• EXERCISE
For the listing below, output exactly the lines from the line with "218 Sol Drive" up to and including the line with "Close up flat", and no other lines.

INPUT MATERIAL: Begin

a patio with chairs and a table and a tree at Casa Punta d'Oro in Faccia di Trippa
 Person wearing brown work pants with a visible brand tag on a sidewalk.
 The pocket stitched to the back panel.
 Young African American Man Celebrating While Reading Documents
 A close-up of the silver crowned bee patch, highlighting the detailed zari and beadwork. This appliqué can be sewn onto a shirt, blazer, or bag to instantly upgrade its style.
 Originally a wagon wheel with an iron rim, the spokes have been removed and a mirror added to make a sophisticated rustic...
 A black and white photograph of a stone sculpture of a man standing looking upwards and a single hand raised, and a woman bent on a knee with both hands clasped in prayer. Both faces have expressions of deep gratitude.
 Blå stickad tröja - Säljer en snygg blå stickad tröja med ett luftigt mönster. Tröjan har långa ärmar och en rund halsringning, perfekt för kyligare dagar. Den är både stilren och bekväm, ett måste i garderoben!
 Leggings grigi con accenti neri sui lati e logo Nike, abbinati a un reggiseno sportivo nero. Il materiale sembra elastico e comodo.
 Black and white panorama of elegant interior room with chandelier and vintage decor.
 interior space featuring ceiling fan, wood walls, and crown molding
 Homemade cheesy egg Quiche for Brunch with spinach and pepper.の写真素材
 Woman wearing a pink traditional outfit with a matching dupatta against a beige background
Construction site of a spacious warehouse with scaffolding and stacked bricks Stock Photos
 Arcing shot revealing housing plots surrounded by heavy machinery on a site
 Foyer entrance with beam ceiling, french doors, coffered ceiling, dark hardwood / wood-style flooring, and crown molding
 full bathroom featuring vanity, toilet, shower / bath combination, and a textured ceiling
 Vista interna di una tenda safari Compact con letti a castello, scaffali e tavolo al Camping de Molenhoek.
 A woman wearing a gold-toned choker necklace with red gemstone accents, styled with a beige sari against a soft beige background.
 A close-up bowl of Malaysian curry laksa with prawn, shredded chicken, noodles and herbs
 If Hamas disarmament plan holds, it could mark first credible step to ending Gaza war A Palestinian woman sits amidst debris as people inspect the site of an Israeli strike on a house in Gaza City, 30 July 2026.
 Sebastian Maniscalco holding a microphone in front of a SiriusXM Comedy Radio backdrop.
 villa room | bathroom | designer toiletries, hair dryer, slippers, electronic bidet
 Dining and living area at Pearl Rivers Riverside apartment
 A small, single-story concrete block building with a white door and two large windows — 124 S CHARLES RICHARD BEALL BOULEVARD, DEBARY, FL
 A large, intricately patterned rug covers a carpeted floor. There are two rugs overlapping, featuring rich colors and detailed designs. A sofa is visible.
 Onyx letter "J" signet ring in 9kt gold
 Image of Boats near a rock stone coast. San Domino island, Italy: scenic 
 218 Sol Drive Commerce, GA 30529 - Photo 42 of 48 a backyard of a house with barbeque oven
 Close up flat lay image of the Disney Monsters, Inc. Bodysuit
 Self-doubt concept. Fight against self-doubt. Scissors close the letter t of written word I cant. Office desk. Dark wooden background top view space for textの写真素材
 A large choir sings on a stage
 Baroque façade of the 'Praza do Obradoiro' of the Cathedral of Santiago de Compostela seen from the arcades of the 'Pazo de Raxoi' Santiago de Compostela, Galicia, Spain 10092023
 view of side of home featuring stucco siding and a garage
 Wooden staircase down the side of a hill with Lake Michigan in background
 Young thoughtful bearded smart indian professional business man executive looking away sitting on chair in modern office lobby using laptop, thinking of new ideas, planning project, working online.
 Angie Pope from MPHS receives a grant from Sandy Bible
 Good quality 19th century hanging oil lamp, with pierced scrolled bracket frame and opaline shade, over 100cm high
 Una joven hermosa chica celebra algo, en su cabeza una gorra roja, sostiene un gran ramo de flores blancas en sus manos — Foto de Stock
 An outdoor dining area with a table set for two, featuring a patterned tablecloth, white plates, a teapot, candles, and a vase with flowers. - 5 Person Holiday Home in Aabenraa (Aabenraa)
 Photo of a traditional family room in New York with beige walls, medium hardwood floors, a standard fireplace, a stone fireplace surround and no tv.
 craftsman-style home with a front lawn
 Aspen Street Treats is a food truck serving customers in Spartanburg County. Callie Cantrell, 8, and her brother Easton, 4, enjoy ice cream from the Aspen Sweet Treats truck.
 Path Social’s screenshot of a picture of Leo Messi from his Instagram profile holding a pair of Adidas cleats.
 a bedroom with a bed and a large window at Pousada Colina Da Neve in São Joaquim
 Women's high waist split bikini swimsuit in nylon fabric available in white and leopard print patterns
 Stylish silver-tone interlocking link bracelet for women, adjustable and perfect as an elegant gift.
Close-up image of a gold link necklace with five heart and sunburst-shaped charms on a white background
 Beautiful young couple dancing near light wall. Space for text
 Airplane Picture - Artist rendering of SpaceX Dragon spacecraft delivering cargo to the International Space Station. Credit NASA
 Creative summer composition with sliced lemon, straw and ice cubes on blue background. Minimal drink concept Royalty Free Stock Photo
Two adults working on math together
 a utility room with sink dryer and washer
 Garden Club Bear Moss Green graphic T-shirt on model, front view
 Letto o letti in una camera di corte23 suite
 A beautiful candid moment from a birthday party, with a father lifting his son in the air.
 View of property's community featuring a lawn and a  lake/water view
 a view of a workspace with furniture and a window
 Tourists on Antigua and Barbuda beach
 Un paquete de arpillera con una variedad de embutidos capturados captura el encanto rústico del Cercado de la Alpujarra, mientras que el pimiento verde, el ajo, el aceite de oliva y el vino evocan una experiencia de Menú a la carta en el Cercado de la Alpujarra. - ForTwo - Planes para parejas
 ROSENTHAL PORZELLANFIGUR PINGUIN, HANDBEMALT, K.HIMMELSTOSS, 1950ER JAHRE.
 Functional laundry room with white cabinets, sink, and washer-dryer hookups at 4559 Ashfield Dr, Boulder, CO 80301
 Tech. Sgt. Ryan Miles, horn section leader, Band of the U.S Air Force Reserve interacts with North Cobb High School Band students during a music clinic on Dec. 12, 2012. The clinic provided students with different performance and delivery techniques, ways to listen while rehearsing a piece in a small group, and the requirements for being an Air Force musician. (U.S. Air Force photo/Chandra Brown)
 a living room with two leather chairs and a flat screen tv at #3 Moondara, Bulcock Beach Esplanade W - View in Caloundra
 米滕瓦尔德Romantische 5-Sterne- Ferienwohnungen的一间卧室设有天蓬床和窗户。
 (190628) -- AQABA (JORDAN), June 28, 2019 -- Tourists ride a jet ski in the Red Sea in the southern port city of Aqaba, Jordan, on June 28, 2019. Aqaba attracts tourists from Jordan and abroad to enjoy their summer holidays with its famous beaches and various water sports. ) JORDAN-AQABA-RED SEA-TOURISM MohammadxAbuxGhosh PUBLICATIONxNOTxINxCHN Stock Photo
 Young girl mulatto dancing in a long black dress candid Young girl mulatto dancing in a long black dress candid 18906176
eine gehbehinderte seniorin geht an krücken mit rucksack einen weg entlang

INPUT MATERIAL: End

• PROBLEM SOLUTION
 218 Sol Drive Commerce, GA 30529 - Photo 42 of 48 a backyard of a house with barbeque oven
 Close up flat lay image of the Disney Monsters, Inc. Bodysuit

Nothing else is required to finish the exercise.